[Supplied records Boundary: Start]
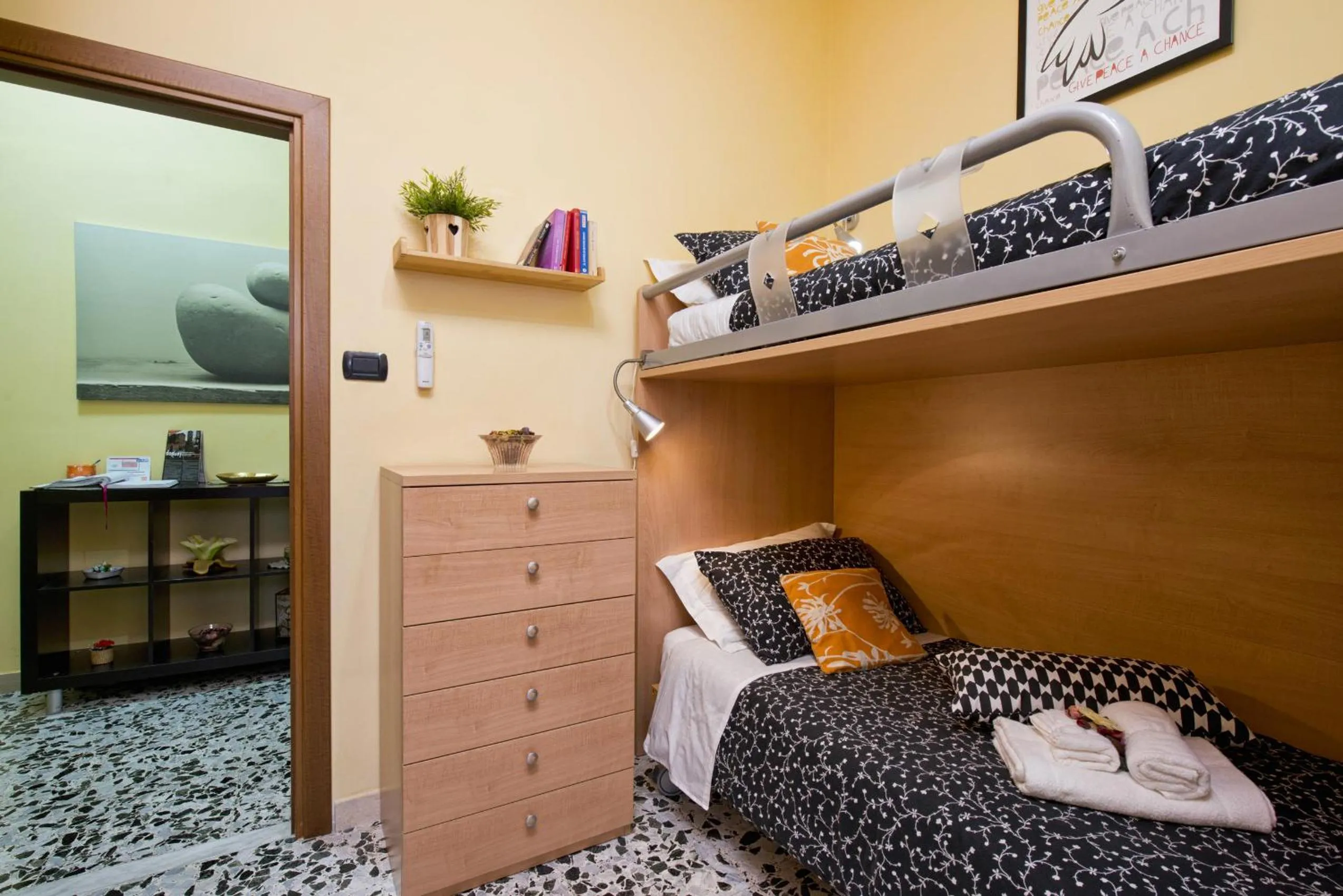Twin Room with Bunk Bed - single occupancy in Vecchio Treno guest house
[Supplied records Boundary: End]
[Supplied records Boundary: Start]
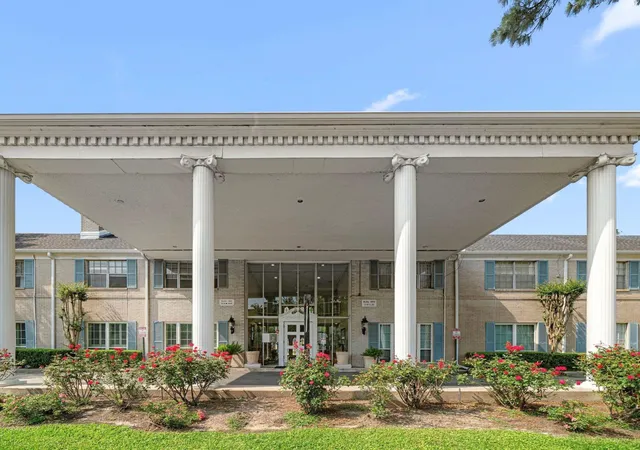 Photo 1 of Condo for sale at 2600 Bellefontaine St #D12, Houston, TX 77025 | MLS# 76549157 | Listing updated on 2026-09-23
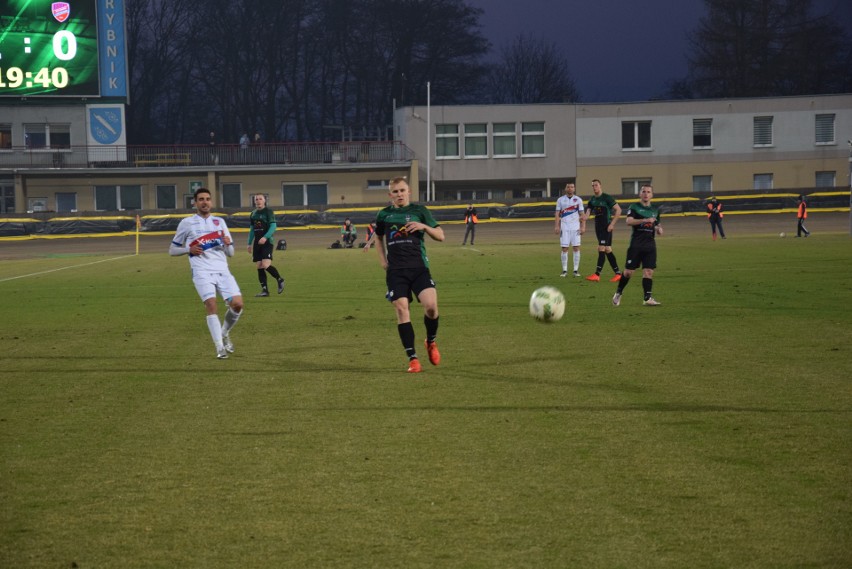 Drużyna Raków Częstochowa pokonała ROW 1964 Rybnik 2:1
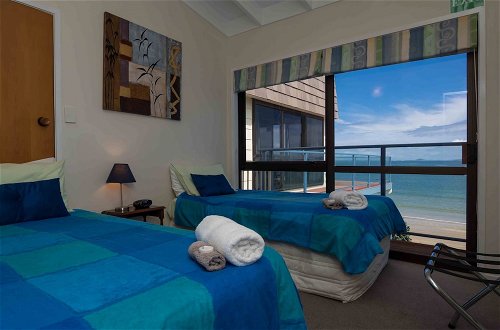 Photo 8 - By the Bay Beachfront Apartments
[Supplied records Boundary: End]
▶ _Instructions to follow_: In the data above, find the line containing "Photo 1 of Condo" and the line containing "Photo 8 - By the Bay Beachfront Apartments". Copy exactly the stretch from the first through the second, both included, leaving out any picture.

▶ _Your response_:
 Photo 1 of Condo for sale at 2600 Bellefontaine St #D12, Houston, TX 77025 | MLS# 76549157 | Listing updated on 2026-09-23
 Drużyna Raków Częstochowa pokonała ROW 1964 Rybnik 2:1
 Photo 8 - By the Bay Beachfront Apartments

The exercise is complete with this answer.